Should we hold our sponsors to a moral standard or just take the money and run?
A friend of mine recently announced that she is riding in The Ride to Conquer Cancer BC this year, and would like us – her friends – to support her ride and raise money for cancer research. As I am cancer researcher at University of British Columbia myself and furthermore have very strong personal and work-related ties to other cancer research agencies in Vancouver as well as a small non-for-profit organization struggling to raise money for research in pediatric brain cancers, you would think I would jump for joy at this announcement from my friend. I did not and neither did about half of my friends. This raised a great debate amongst my friends and colleagues. A debate that I would like to open up to the general public: Should we hold our sponsors to a moral standard or just take the money and run?

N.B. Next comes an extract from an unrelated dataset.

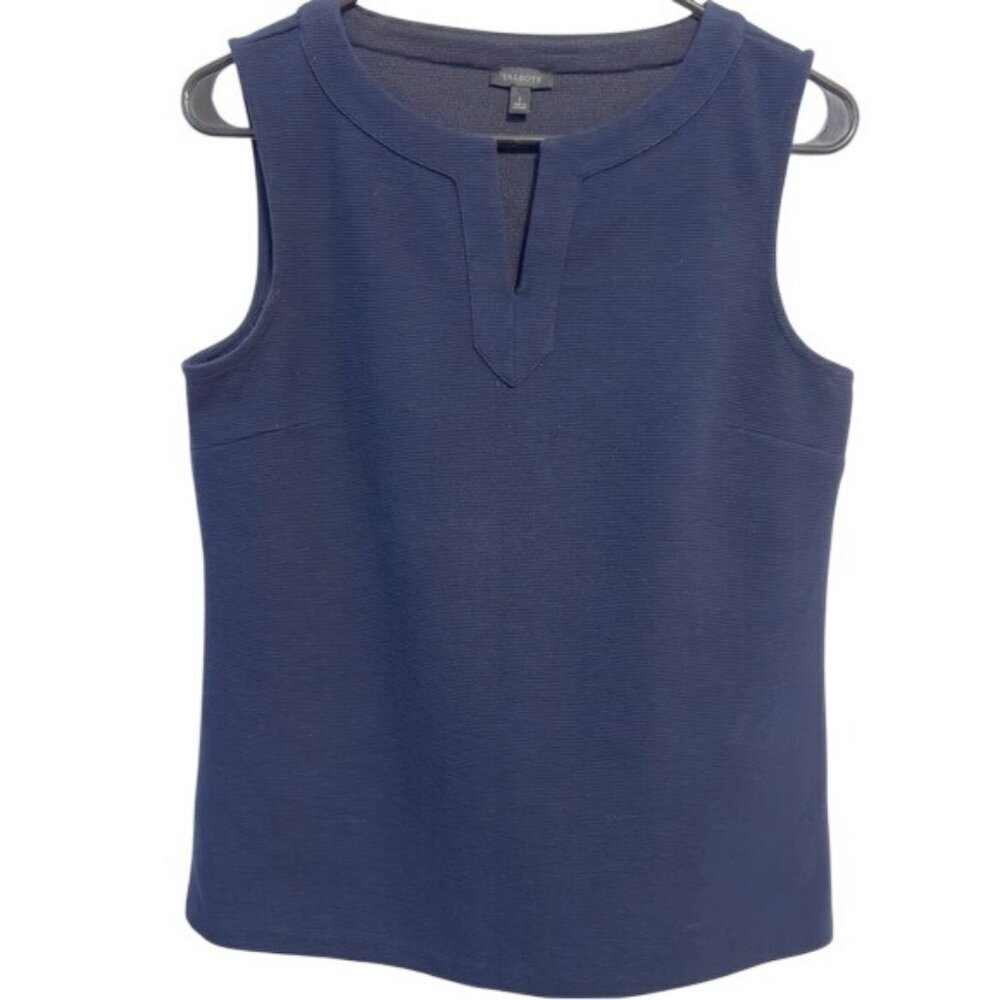 Talbots Womens Sleeveless Textured Navy Split-Neck Top S Cotton/Polyester/Spande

The conflict lies not in The Ride to Conquer Cancer, which I think is an outstanding event and have supported in previous years. It lies in the fact that this year, the ride has accepted Enbridge as their main sponsor, and the ride is thus called “Enbridge Ride to Conquer Cancer”. As an avid opponent of the Enbridge pipeline scheduled to run from the Alberta Tar Sands through Northern BC to Kitimat, it left me with a really bad taste in my mouth to see my beloved cancer research connected to a company that in my eyes holds no regard for public health and safety. Cancer research is very important - yes - but if the quest to conquer cancer happens at the expense of other aspects of health, does that not defeat its purpose? Can we accept a sponsor that gives with one hand and takes away with the other? That was the debate that I offered to my friends and colleagues. The responses were many but could all be categorized roughly into two groups: 1) Take the money and run (research money is very tight these days, and we should take anything we can get!), or 2) as cancer researchers, we are working to defeat sickness and improve the health of human beings and thus cannot ignore the detrimental impacts on human health (mental and physical) that an oil spill from the Enbridge pipeline would cause.
I contacted the Ride to Conquer Cancer with my concern, and they were kind enough to give me a personal answer. The reply however only addresses the financial commitment that Enbridge has made to cancer research in BC and nationwide, and that was good enough for them. The organizers of the Ride have apparently chosen to ignore the impacts on human health and safety that the Enbridge pipeline will force onto BC residents should a leak occur (which Enbridge has themselves stated is not unthinkable), and adapt the “take the money and run” approach. This led me to a new discussion with my peers. How directly in disagreement with the cause of an organization must a sponsor be before we reject their money? Most people agree that e.g. Marlboro is not a suitable sponsor for the ride to conquer cancer. But is it only sponsors engaged directly in cancer-promoting activities that we feel obligated to reject, or should our “sponsor screen” stretch further into physical diseases or maybe even general health? I believe that Enbridge is in conflict with our goal for better health in BC in general, but it might not be directly related to cancer. Does that make them a legitimate sponsor for a cancer event?
Several of my friends have decided not to donate this year, and one even decided not to ride, breaking a four year tradition for her, and although that money might not measure up to whatever Enbridge is sponsoring, there is a moral obligation to fundraising too. The Ride to Conquer Cancer deserves so much better than to get bogged down by a sponsor like Enbridge.